Posted Nov 13, 2024 - 01:26 UTC

Resolved
Email delivery has remained available and fully functional throughout the monitoring phase of this incident.

This incident is now resolved. Once available, a Root Cause Analysis for this incident will be published here.
Posted Nov 12, 2024 - 17:36 UTC
Monitoring
This issue has now been mitigated, and any emails that had not been delivered should now be hitting their user endpoints.

We will place the impacted services under monitoring.
Posted Nov 04, 2024 - 23:24 UTC
Identified
As we continue to work with our upstream third-party email delivery vendor towards a solution to this issue, we have identified that platform emails such as password reset emails are in the scope of this incident.

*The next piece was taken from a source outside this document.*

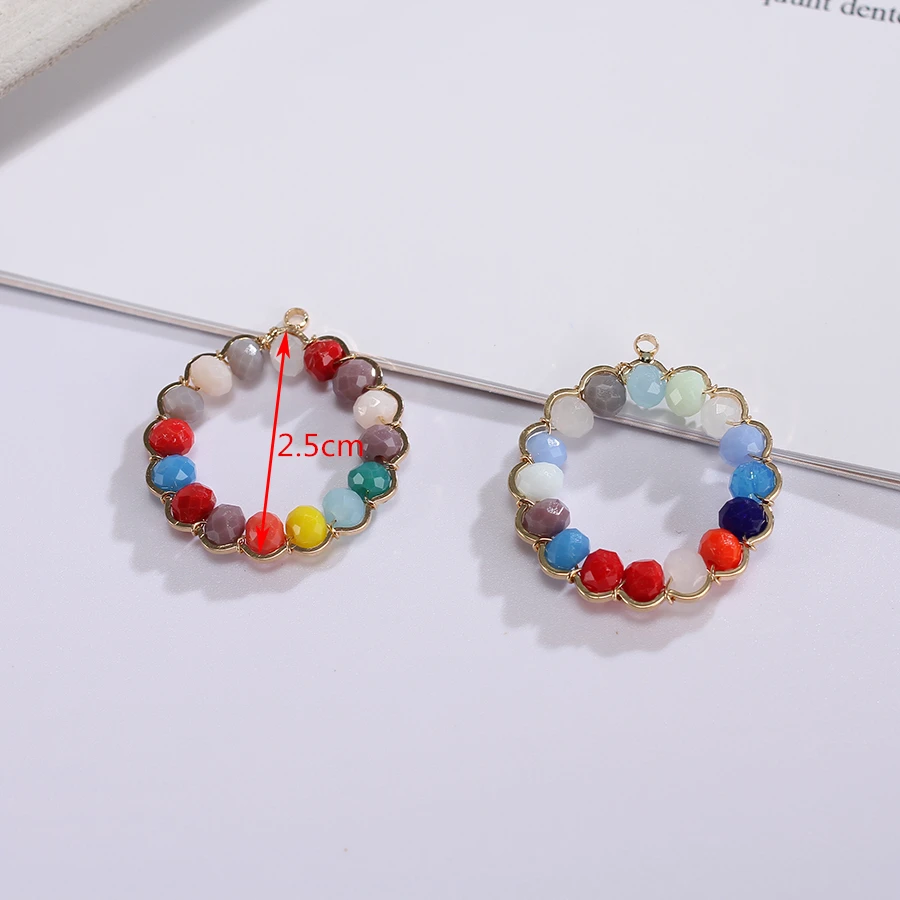 6pcs/lots Trendy Crystal Seedbeads Hand Woven Geometric Pendants Charms For Women Dangle Earrings Diy Jewelry Making Accessories | Украшения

Another update within 1 hour.
Posted Nov 04, 2024 - 21:23 UTC
Update
We continue to work with our upstream third-party email delivery vendor towards a solution to this issue.

Another update within 1 hour.
Posted Nov 04, 2024 - 20:11 UTC
Update
We continue to work with our upstream third-party email delivery vendor towards a solution to this issue.

Another update within 1 hour.
Posted Nov 04, 2024 - 19:11 UTC
Update
Our investigations have not revealed any issues on our platform. However, we see a potential issue with our upstream third-party email delivery vendor, and have reached out to them for additional troubleshooting on their end.

We will provide you with another update within 1 hour.
Posted Nov 04, 2024 - 18:11 UTC
Update
As we continue to investigate these reports, our current observation is that email campaigns are being delivered, albeit with some delays.

Another update within 1 hour.
Posted Nov 04, 2024 - 17:11 UTC
Investigating
We are investigating reports where some email campaigns are not being delivered as expected.

We will provide you with an update within 1 hour.
Posted Nov 04, 2024 - 16:40 UTC
This incident affected: Products (Creator Studio, Classic Studio) and 3rd-Party Dependencies (SendGrid API v3).